Colorful, functionless mats from Latifa Echakhch’s “Frame” series (2000–2008) are the first things one encounters at the 24th St. space. Each “Frame” is a prayer rug, from which Echakhch removes the woven center, leaving only the fringed edges. Paired with these are works from Ann Craven’s ongoing series of paintings of the moon. The pairing is feminine in tone, and Rondinone explained that the interplay of feminine and masculine is one of the guiding principles of the show.

In an adjoining room is a pair of Klara Liden’s “Poster Paintings” (2008), which complement a series of floor sculptures by Sarah Lucas. To create these works, Liden removes thick rectangular blocks of poster sediment from urban walls. She coats the surfaces with white paint, creating an almost blank canvas that is nonetheless pregnant with history. Lucas’s graphically phallic hot pink works from her “Penetralia” series (2008) contrast with Liden’s quiet paintings.

The show also features metallic-glazed ceramic vessels (“Untitled Series,” 2004) by Andrew Lord, which were made, in part, as a reinterpretation of Gauguin’s late-19th century stoneware. The works stand on wood pedestals that have been lightly whitewashed to reveal their wooden materiality at the base. (In another room, a series of reclining nudes by Hans Josephsohn lay upon such pedestals as well.) The gestural strokes applied to the pedestals seems to denote the act of painting, opening up questions about the relationships between the mediums presented in the show.

Accompanying Lord’s work is Jay DeFeo’s Seven Pillars of Wisdom (1989), eight enigmatic charcoal and metallic powder drawings that recall keyholes. “This was her last work before she died,” says Rondinone. It’s the first time the series is being shown in its entirety. DeFeo’s art practice can be seen as a near-perfect analogue to the underlying theme in the show: that of the spiritual life and practice of the artist, particularly in relationship to duration and solitude. DeFeo’s best-known painting The Rose (1958–66) took the artist eight years to complete and was stored unseen for 25 years at the San Francisco Art Institute before being shown at (and subsequently acquired by) the Whitney Museum in New York.

In the 21st St. space, Rondinone’s spiritual direction veers more toward the exuberantly iconic and totemic, beginning with a new untitled Joe Bradley painting featuring four large, black five-pointed stars. Bradley finds his psychic match in a decidedly extroverted series of wall sculptures by Al Hansen, which depict the Venus of Willendorf in various media—including the artist’s beloved cigarette butts (Bambolina, 1994).
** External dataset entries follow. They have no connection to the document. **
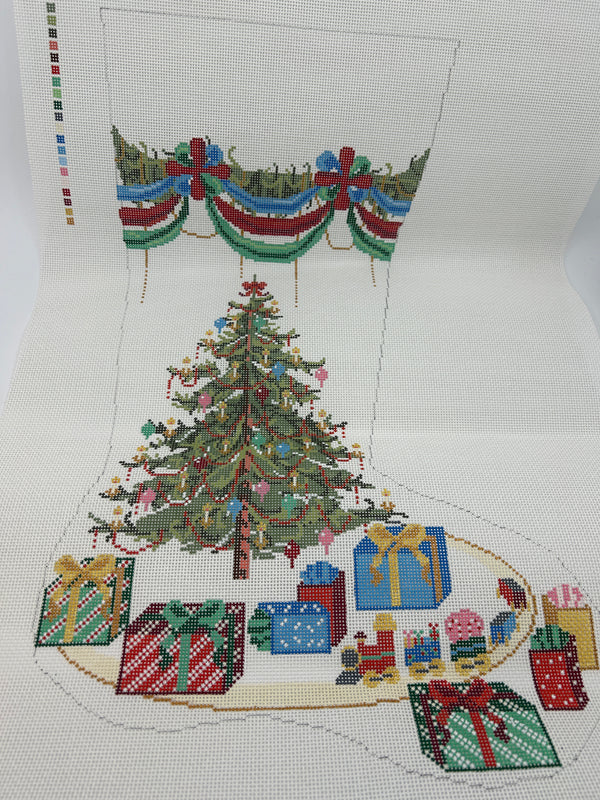 Vintage Christmas Stocking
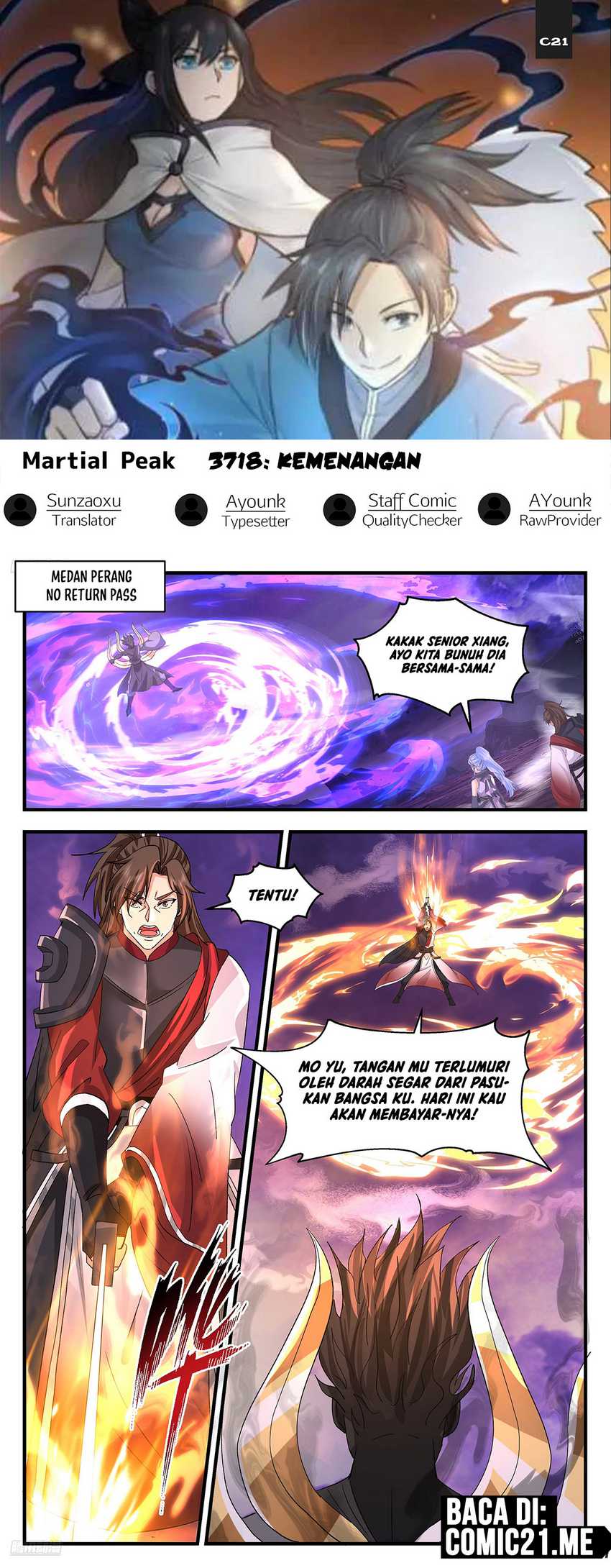 Komik Martial Peak Part 2 Chapter 3718 gambar 1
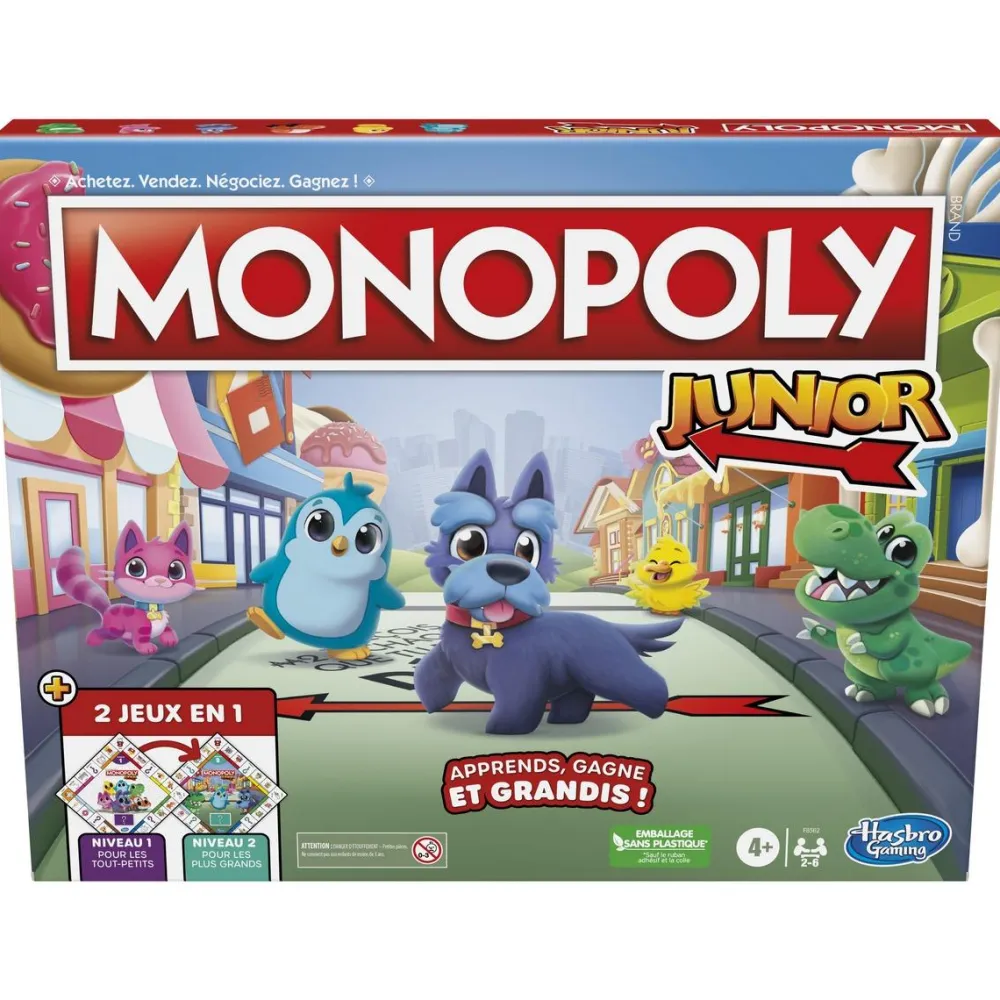 Hasbro Gaming Monopoly junior 2 en 1^ Monopoly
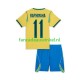 Brazilië Wedstrijdshirt met Korting Raphinha 11 Thuis Kind WK 2026 Korte Mouw
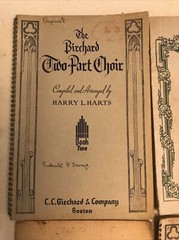 Lot Of 5 Sheet Music G. Schirmer C C Birchard Men’s Get Together Songs Vintage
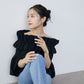 Raffle  balloon cape Blouse
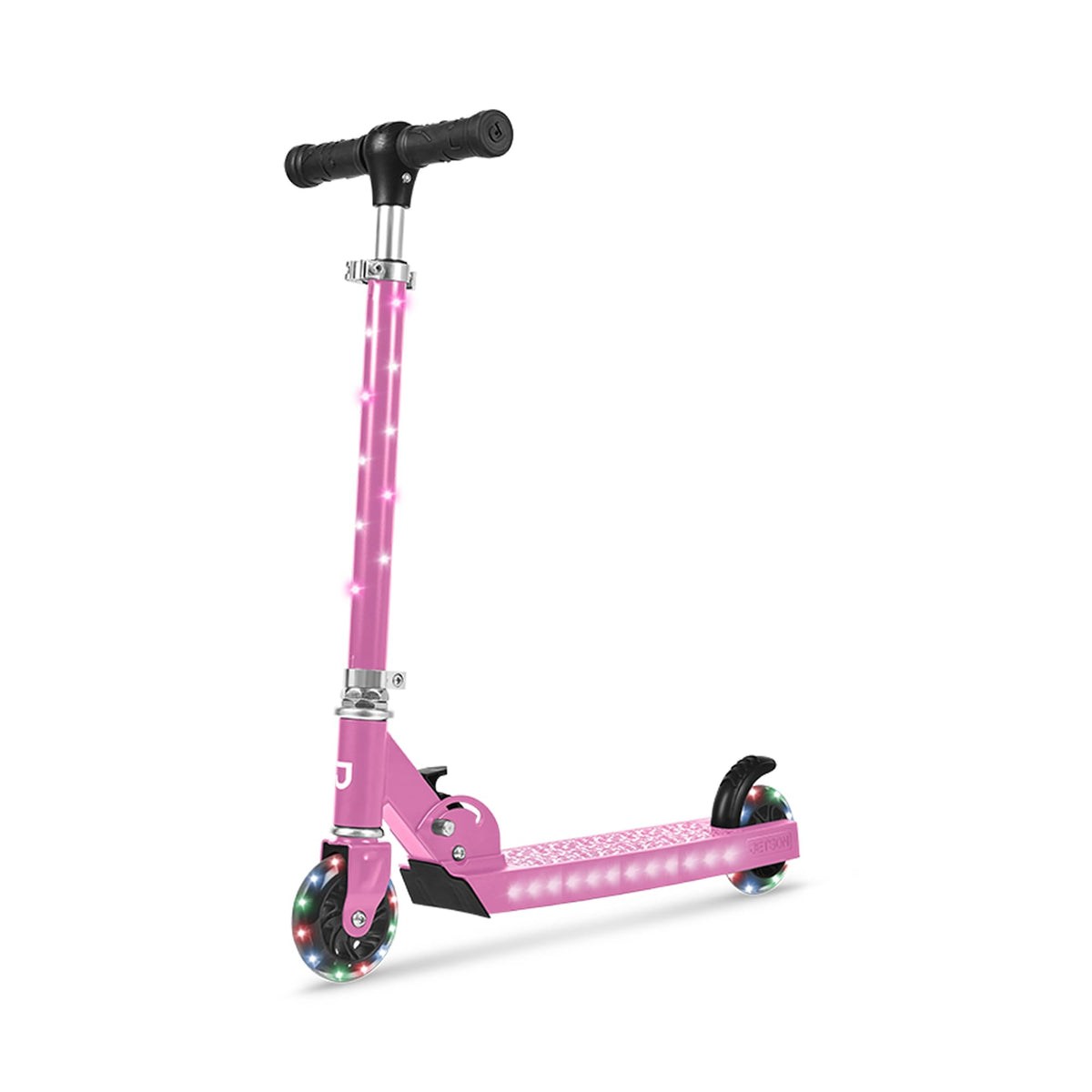 2-Wheel Light-Up Kick Scooter with Adjustable Handlebar and Rear Brake L7622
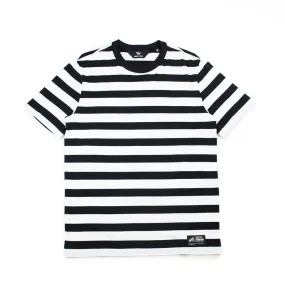 Breton Oversized Tee (White/Black)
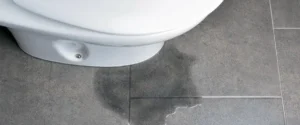 is toilet leaking at base an emergency​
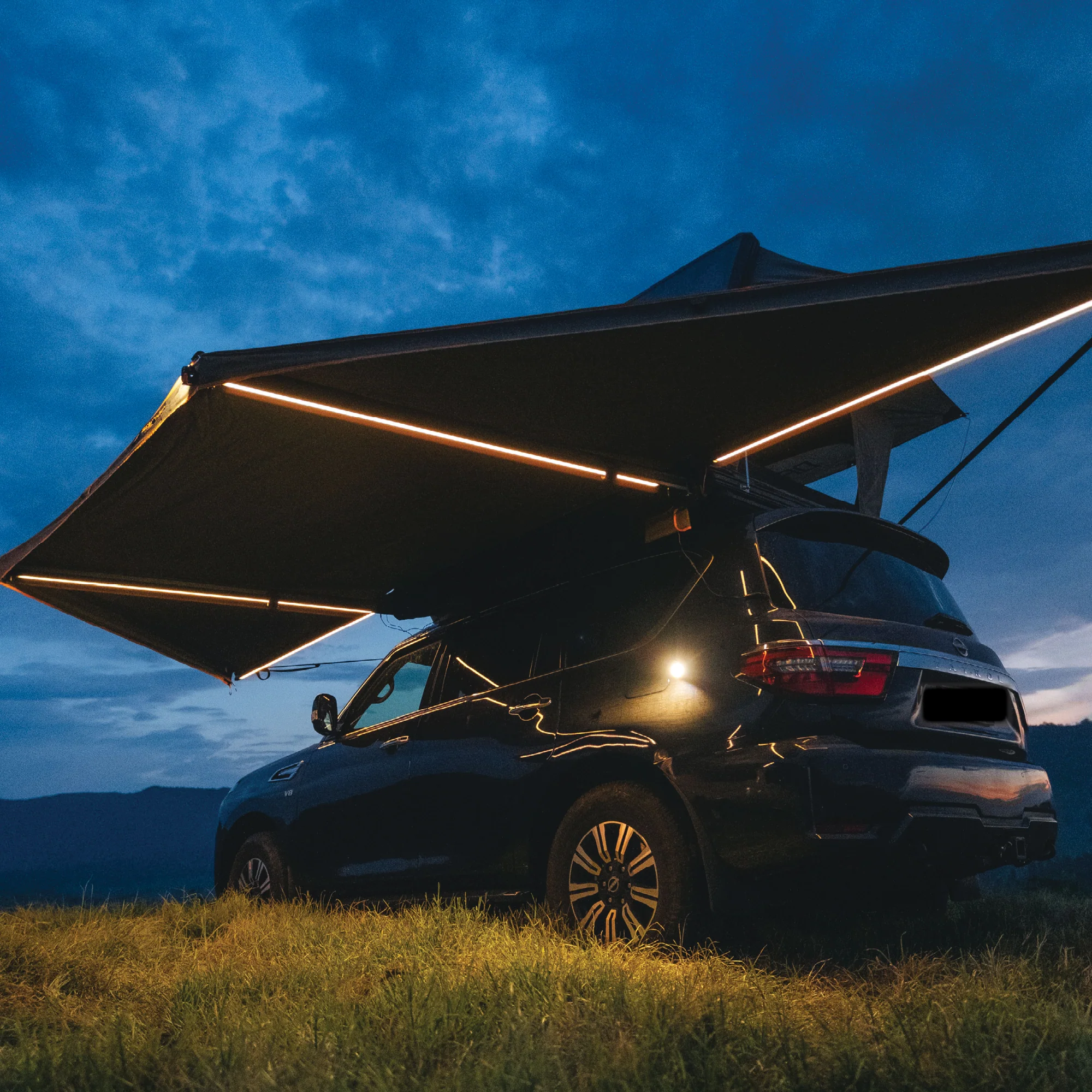 Darche - Eclipse 180 Freestanding LED Awning - 4x4 Sint Annaland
Kim Jones’s seminal Mudman (1974) seems to perform the duties of a resident shaman within the exhibition. The sculptural costume is composed of sticks and mud, with a net mask that covers the face of the wearer. The artist created the piece in part as a response to his experiences with childhood illness and the Vietnam War, and has worn it for sporadic performances since the ’70s. (Jones may don the piece for impromptu performances during the course of Rondinone’s show.)

Rondinone is known for his loquacious rainbow neon sculptures, including Hell, Yes! (2001), which until recently hung on the New Museum’s façade. Equally, his practice involves the production of sculpture that transforms commonplace materials into creatures possessed of an uncanny, childlike aura, such as the totemic aluminum sculptures from theMoonrise” series (2007). These works, in their sweet solemnity, align very directly with the works in “The Spirit Level.” “All the pieces are very raw, basic and immediate,” says Rondinone. “Each of these artists I collect, so I’m surrounded by this art. I see them all as shrines, and they stimulate me in my daily life.”